Midkiff got his big Hollywood break by starring in the 1988 ABC miniseries "Elvis and Me," playing The King in an adaptation of Priscilla Presley's book of that title. Earlier, he was also the young Jock Ewing in the TV-movie "Dallas: The Early Years."

In "Blackmail," a typical crime-ridden example of USA's original movie fare, Midkiff plays a blackmailer whose intended victim is his lover, Susan Blakely. But blackmailer becomes blackmailee at the hands of singer Mac Davis, in a villainous role that plays against his country sunshine image. John Saxon and Beth Toussaint are also in the film.

Local Angle, Part Two: A team of midshipmen from the U.S. Naval Academy in Annapolis is seen, albeit briefly, in the fascinating season premiere tonight of "Scientific American Frontiers," at 8 o'clock on Maryland Public Television.

The USNA group was among the competitors in a recent contest to design a human-powered mini-submarine. Alas, they do not fare well in the taped coverage of the event, which took place in Riviera Beach, Fla.

On the other hand, a group of students from Florida Atlantic University take on professional engineers from the Massachusetts manufacturing firm, Bathos Corporation, and prove that engineering ingenuity can ripen in young minds.

Another nice regular segment of the show, pretty enough to be running as a video on MTV, presents "science art," the graphic illustration of a variety of theories. Tonight's example is of the thesis known as "panspermia," which suggest life on Earth drifted here from out of space, like seed pods on the wind.

"Checking out new ideas in engineering and having fun along the way? Just the kind of thing we do on 'Scientific American Frontiers,' " says host Woody Flowers.

* Where's Sir Johnny?
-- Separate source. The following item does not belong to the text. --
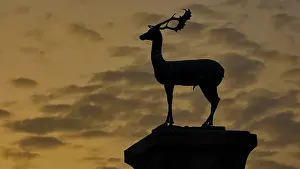 Dodecanese Islands Travel Photography Prints: Silhouette of a Deer against the dramatic background of a sunset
Because of a typographical truncation, a column item last week noting the return of radio personality Sir Johnny O (Jonathan Compton) to WEBB-AM 1360 left out the times he can be heard.

His show, "The Best of Times," airs from noon to 4 p.m. weekly on Sundays, featuring oldies from the '50s, '60s and '70s.

* Does anybody else agree that Monday's episode of CBS "Evening Shade" was the funniest half-hour of the season? With Wood (Burt Reynolds, who directed) and most of the cast stuck in a single motel room overnight, the show was a cleverly-written, laugh-aloud tribute to many a sitcom cliche.